Lookahead and Lookbehind Zero-Length Assertions

Lookahead and lookbehind, collectively called “lookaround”, are zero-length assertions just like the start and end of line, and start and end of word anchors explained earlier in this tutorial. The difference is that lookaround actually matches characters, but then gives up the match, returning only the result: match or no match. That is why they are called “assertions”. They do not consume characters in the string, but only assert whether a match is possible or not. Lookaround allows you to create regular expressions that are impossible to create without them, or that would get very longwinded without them.

Positive and Negative Lookahead

Negative lookahead is indispensable if you want to match something not followed by something else. When explaining character classes, this tutorial explained why you cannot use a negated character class to match a q not followed by a u. Negative lookahead provides the solution: q(?!u). The negative lookahead construct is the pair of parentheses, with the opening parenthesis followed by a question mark and an exclamation point.

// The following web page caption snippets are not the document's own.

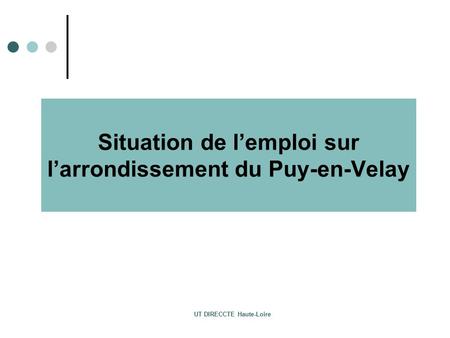 Situation de l’emploi sur l’arrondissement du Puy-en-Velay UT DIRECCTE Haute-Loire.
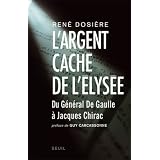 L'argent cach� de l'Elys�epar Ren� Dosi�re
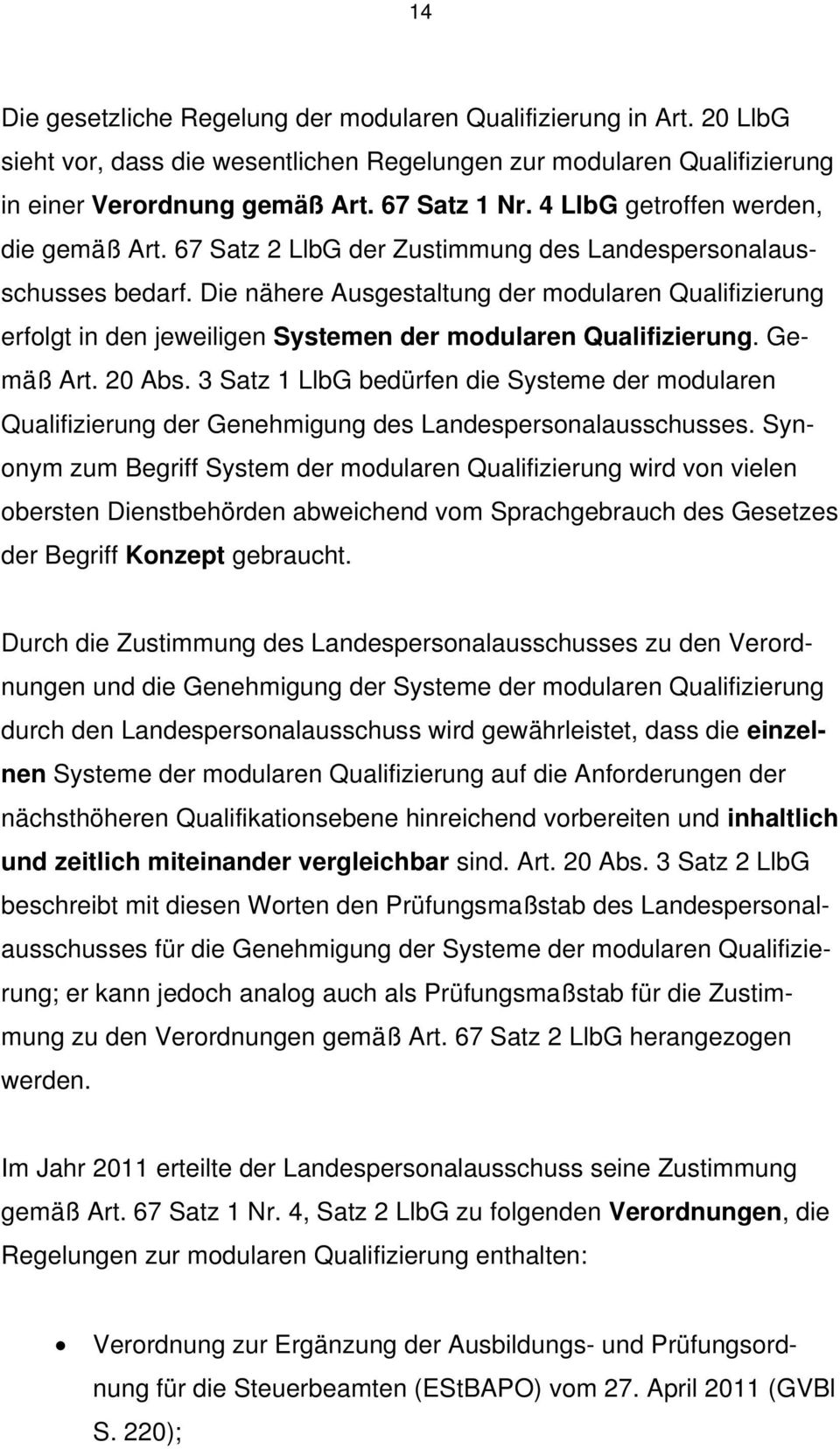 Die nähere Ausgestaltung der modularen Qualifizierung erfolgt in den jeweiligen Systemen der modularen Qualifizierung. Gemäß Art. 20 Abs.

Inside the lookahead, we have the trivial regex u.

Positive lookahead works just the same. q(?=u) matches a q that is followed by a u, without making the u part of the match. The positive lookahead construct is a pair of parentheses, with the opening parenthesis followed by a question mark and an equals sign.

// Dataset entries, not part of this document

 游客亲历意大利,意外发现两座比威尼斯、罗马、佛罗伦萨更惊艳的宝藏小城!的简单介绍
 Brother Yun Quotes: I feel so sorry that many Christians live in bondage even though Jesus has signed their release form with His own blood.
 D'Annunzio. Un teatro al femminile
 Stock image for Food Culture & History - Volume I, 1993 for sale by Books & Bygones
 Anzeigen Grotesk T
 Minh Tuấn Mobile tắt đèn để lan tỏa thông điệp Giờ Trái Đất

You can use any regular expression inside the lookahead (but not lookbehind, as explained below). Any valid regular expression can be used inside the lookahead. If it contains capturing groups then those groups capture as normal and backreferences to them work normally, even outside the lookahead. (The only exception is Tcl, which treats all groups inside lookahead as non-capturing.) The lookahead itself is not a capturing group. It is not included in the count towards numbering the backreferences. If you want to store the match of the regex inside a lookahead, you have to put capturing parentheses around the regex inside the lookahead, like this: (?=(regex)). The other way around doesn’t work, because the lookahead has already discarded the regex match by the time the capturing group gets to store its match.

Control Verb Syntax

Perl 5.28 and PCRE2 10.33 introduced new syntax for lookaround in an attempt to make regexes with lookaround easier to read. PHP 7.4.0 and R 4.0.0 gained this syntax from PCRE2. The syntax is similar to that of backtracking control verbs. But otherwise it has nothing to do with control verbs. Lookaround with the new syntax works exactly the same as the classic syntax. All other flavors discussed below only support the classic syntax.

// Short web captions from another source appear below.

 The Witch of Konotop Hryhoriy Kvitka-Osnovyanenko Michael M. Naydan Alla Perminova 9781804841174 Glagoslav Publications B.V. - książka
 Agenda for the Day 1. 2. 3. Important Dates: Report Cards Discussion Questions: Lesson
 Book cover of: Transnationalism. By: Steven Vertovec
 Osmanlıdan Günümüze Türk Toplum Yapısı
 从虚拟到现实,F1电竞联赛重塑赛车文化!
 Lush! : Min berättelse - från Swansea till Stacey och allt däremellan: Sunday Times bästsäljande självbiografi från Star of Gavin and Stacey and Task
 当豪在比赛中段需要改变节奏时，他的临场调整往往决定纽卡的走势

Long SyntaxShort SyntaxClassic Syntax
(*positive_lookahead:regex)(*pla:regex)(?=regex)
(*negative_lookahead:regex)(*nla:regex)(?!regex)
(*positive_lookbehind:regex)(*plb:regex)(?<=regex)
(*negative_lookbehind:regex)(*nlb:regex)(?<!regex)

Regex Engine Internals

First, let’s see how the engine applies q(?!u) to the string Iraq. The first token in the regex is the literal q. As we already know, this causes the engine to traverse the string until the q in the string is matched. The position in the string is now the void after the string. The next token is the lookahead. The engine takes note that it is inside a lookahead construct now, and begins matching the regex inside the lookahead. So the next token is u. This does not match the void after the string. The engine notes that the regex inside the lookahead failed. Because the lookahead is negative, this means that the lookahead has successfully matched at the current position. At this point, the entire regex has matched, and q is returned as the match.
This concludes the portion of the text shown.